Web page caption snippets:
——
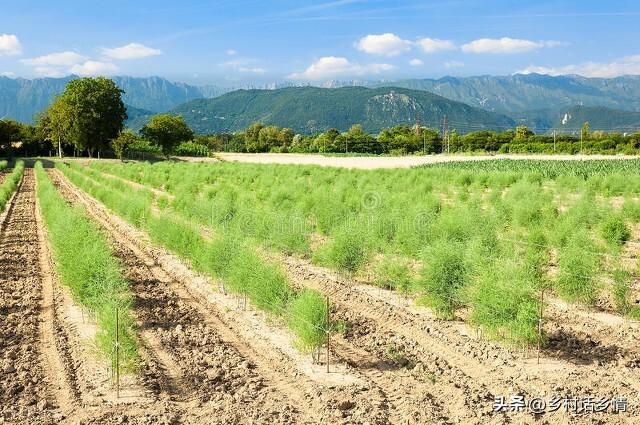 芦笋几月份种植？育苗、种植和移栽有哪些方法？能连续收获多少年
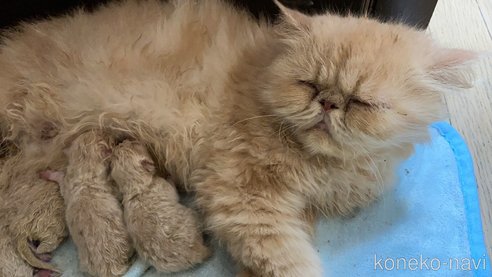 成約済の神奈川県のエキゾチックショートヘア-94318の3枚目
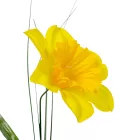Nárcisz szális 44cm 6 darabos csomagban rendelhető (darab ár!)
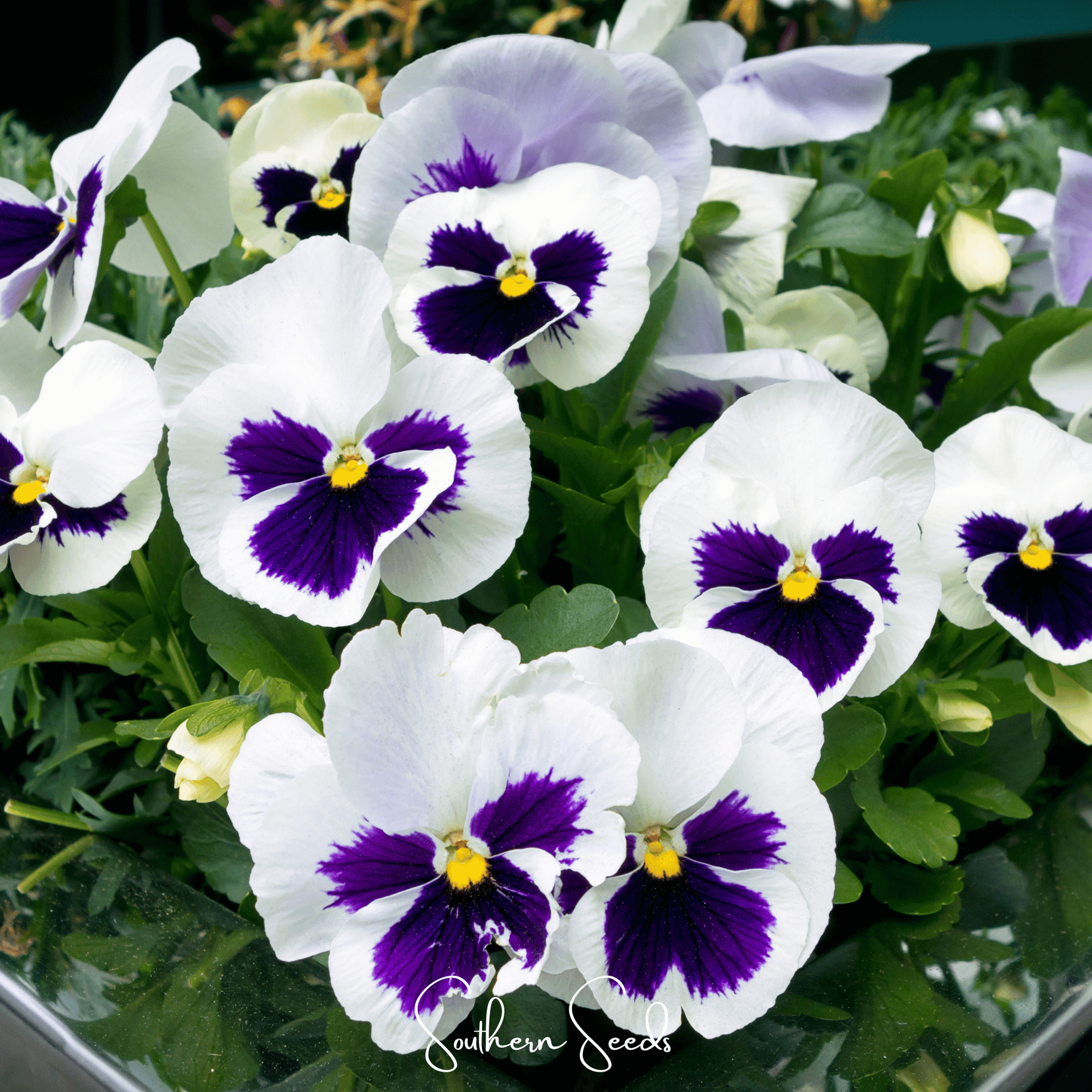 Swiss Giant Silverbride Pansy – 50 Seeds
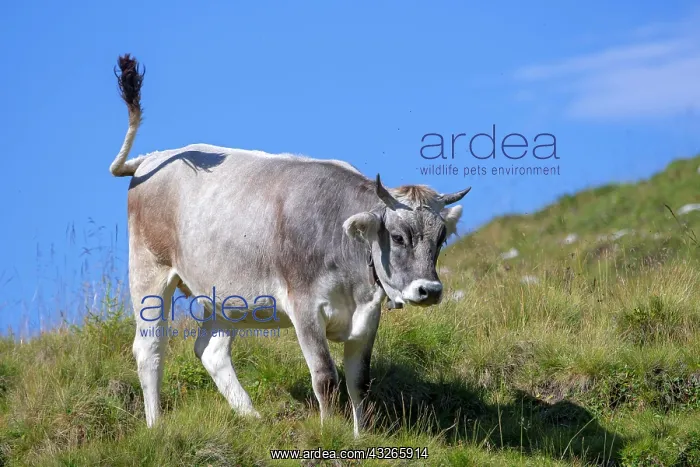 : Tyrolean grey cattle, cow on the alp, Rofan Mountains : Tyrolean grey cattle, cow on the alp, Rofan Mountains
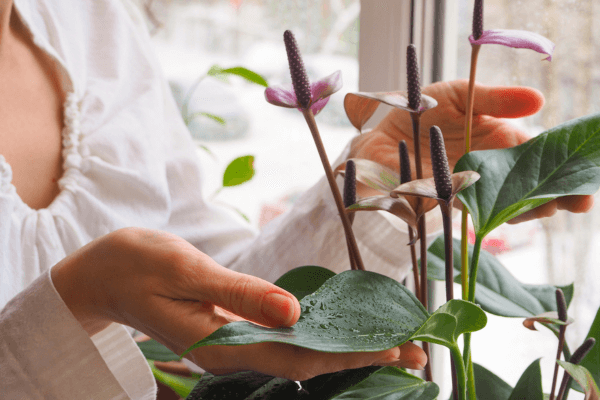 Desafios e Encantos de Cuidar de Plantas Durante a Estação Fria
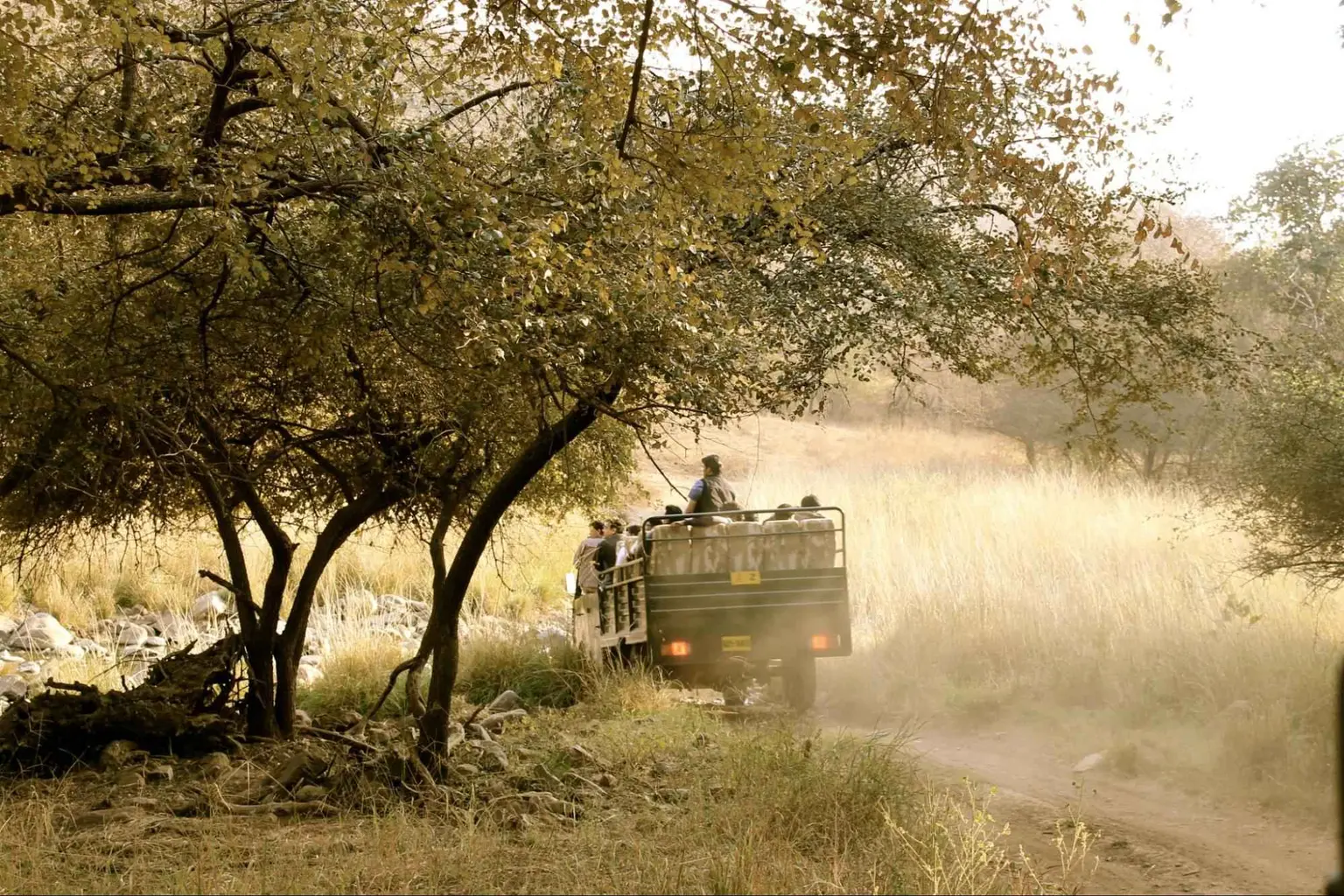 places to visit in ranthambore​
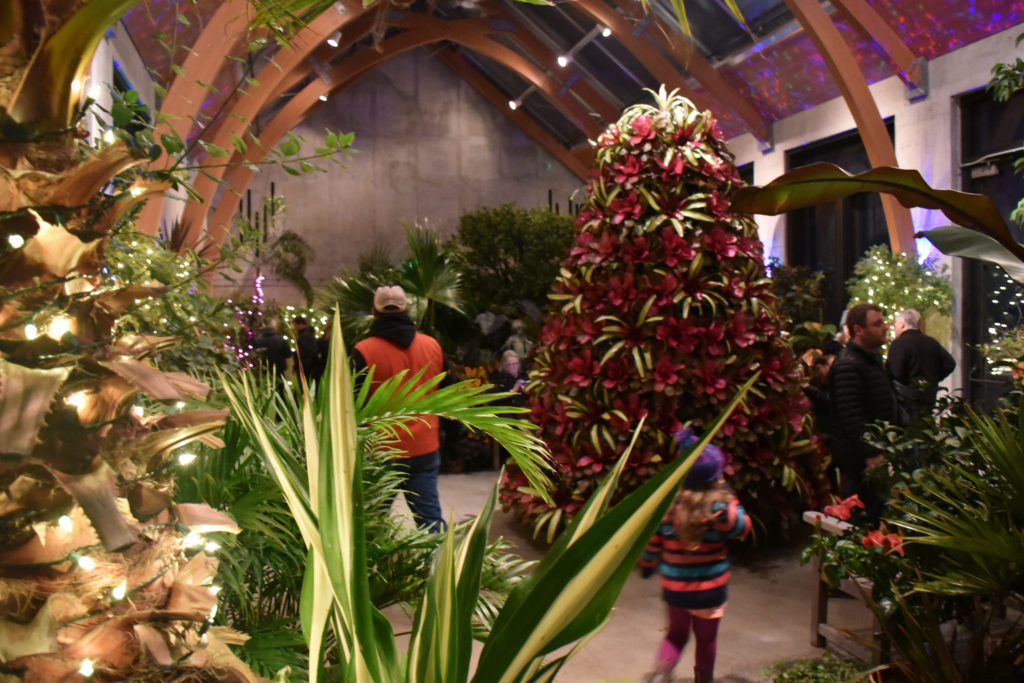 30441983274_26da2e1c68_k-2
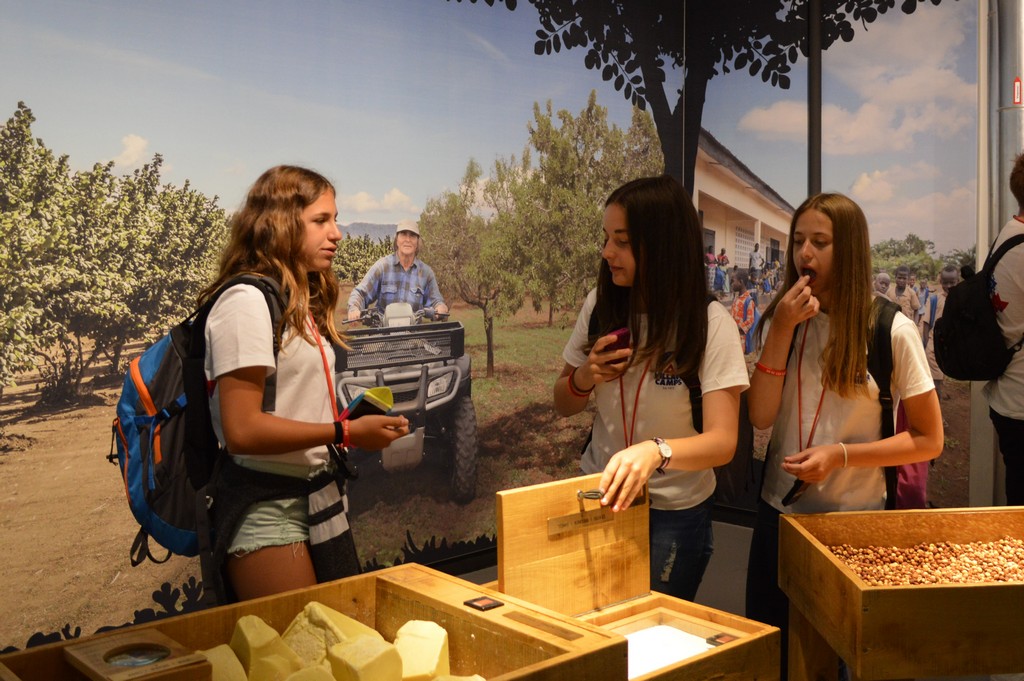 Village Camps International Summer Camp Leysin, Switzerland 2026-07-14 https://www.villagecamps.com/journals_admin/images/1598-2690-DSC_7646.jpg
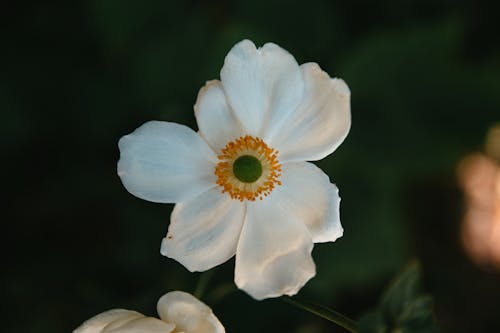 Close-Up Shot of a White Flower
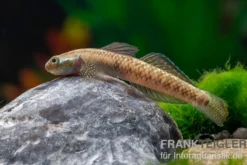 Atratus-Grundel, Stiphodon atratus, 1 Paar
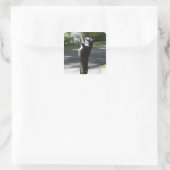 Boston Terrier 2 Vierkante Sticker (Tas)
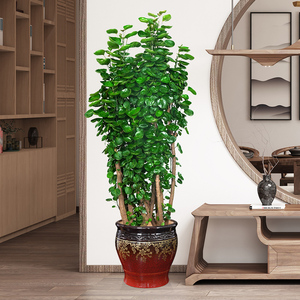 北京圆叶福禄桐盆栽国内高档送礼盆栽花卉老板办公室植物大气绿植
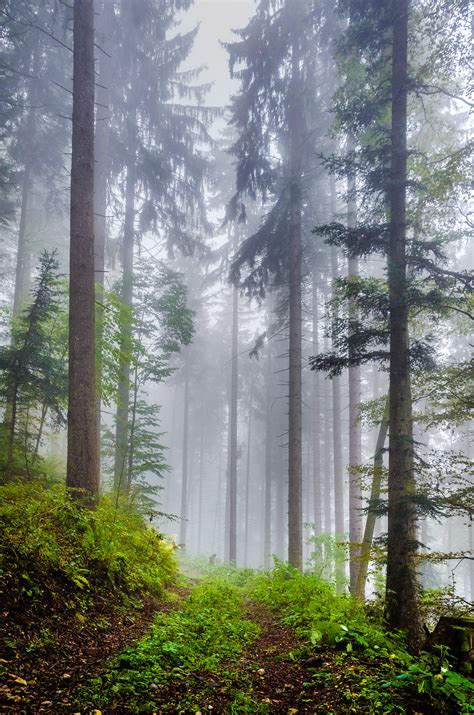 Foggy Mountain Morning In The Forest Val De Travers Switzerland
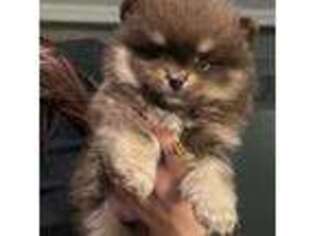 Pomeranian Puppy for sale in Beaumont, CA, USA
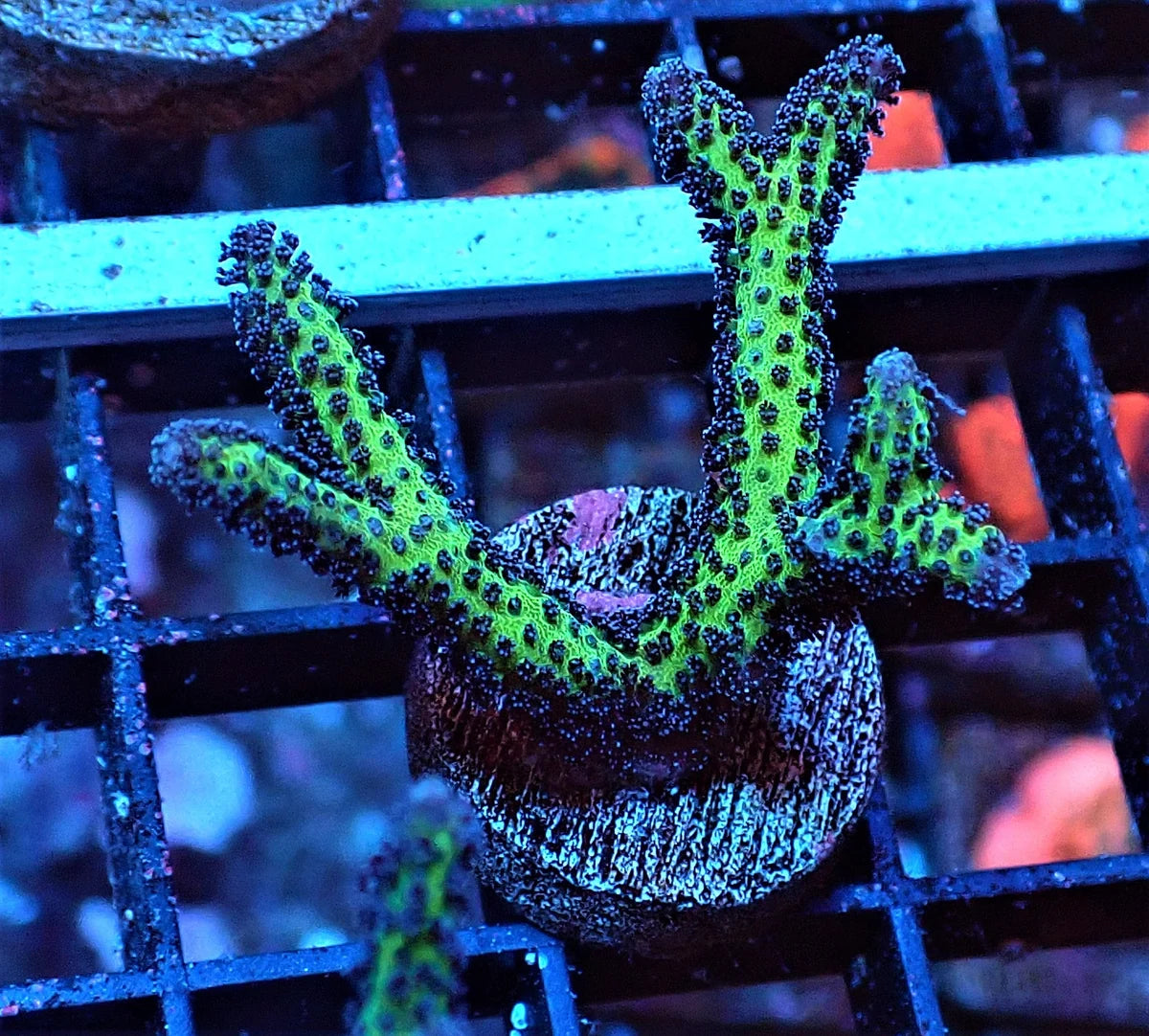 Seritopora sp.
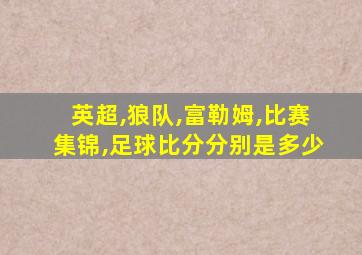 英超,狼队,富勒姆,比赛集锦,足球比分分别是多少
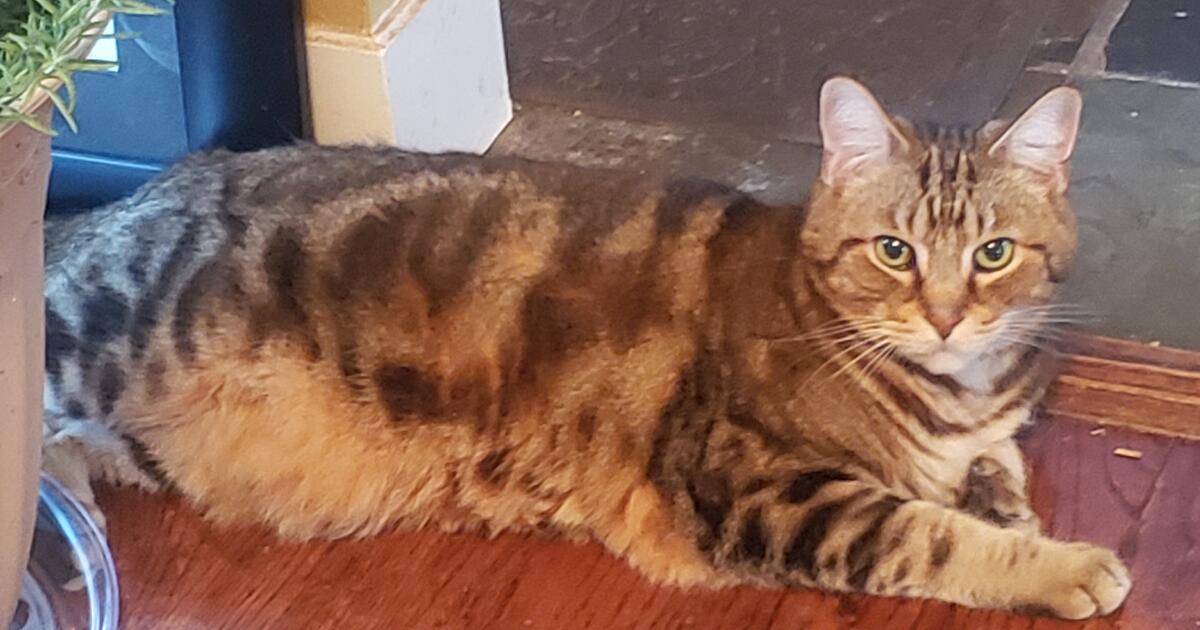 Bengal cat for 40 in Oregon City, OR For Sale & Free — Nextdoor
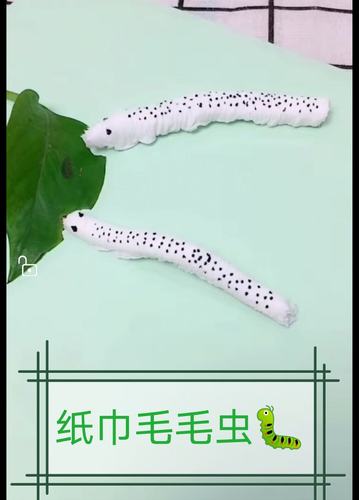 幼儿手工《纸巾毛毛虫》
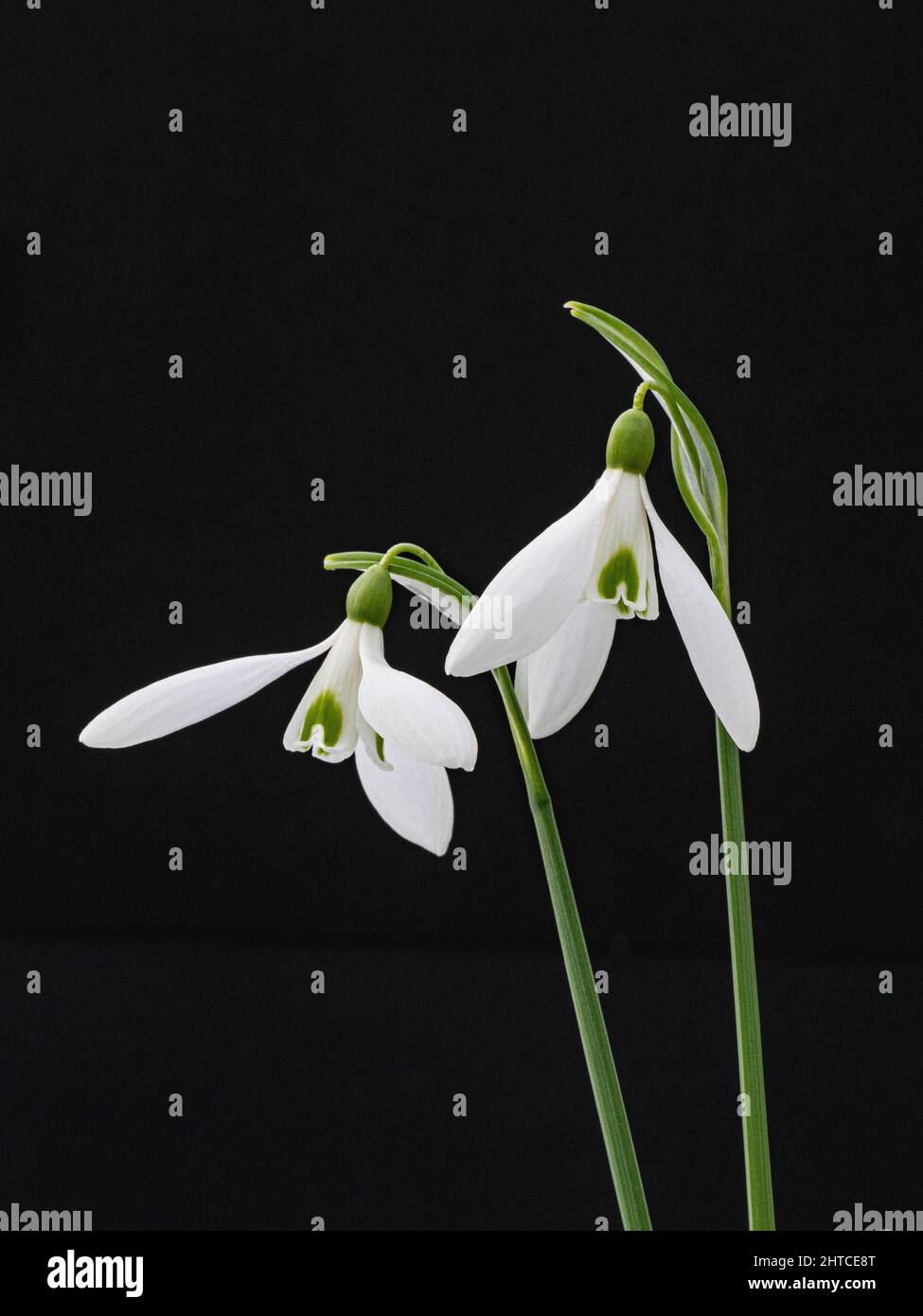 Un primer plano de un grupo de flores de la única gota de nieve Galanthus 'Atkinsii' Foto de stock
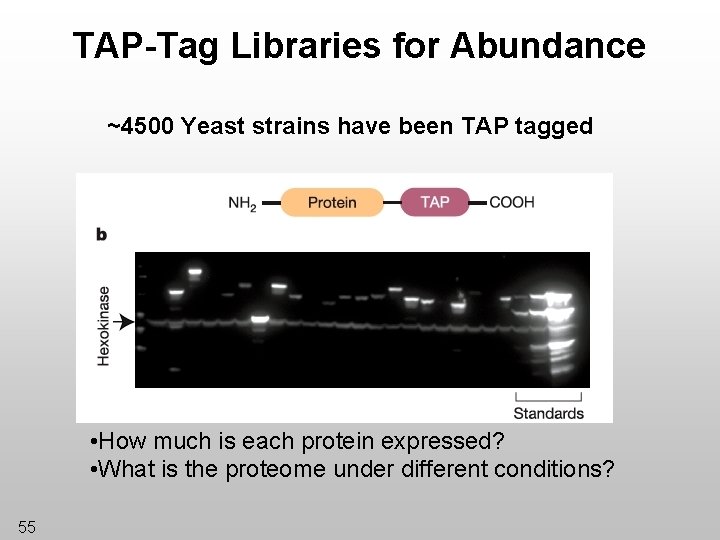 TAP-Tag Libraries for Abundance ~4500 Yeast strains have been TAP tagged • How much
——
## GOAL OF THE EXERCISE
Copy the data precisely. Skip every picture.

## REPLY
 芦笋几月份种植？育苗、种植和移栽有哪些方法？能连续收获多少年
 成約済の神奈川県のエキゾチックショートヘア-94318の3枚目
Nárcisz szális 44cm 6 darabos csomagban rendelhető (darab ár!)
 Swiss Giant Silverbride Pansy – 50 Seeds
 : Tyrolean grey cattle, cow on the alp, Rofan Mountains : Tyrolean grey cattle, cow on the alp, Rofan Mountains
 Desafios e Encantos de Cuidar de Plantas Durante a Estação Fria
 places to visit in ranthambore​
 30441983274_26da2e1c68_k-2
 Village Camps International Summer Camp Leysin, Switzerland 2026-07-14 https://www.villagecamps.com/journals_admin/images/1598-2690-DSC_7646.jpg
 Close-Up Shot of a White Flower
 Atratus-Grundel, Stiphodon atratus, 1 Paar
 Boston Terrier 2 Vierkante Sticker (Tas)
 北京圆叶福禄桐盆栽国内高档送礼盆栽花卉老板办公室植物大气绿植
 Foggy Mountain Morning In The Forest Val De Travers Switzerland
 Pomeranian Puppy for sale in Beaumont, CA, USA
 Seritopora sp.
 英超,狼队,富勒姆,比赛集锦,足球比分分别是多少
 Bengal cat for 40 in Oregon City, OR For Sale & Free — Nextdoor
 幼儿手工《纸巾毛毛虫》
 Un primer plano de un grupo de flores de la única gota de nieve Galanthus 'Atkinsii' Foto de stock
 TAP-Tag Libraries for Abundance ~4500 Yeast strains have been TAP tagged • How much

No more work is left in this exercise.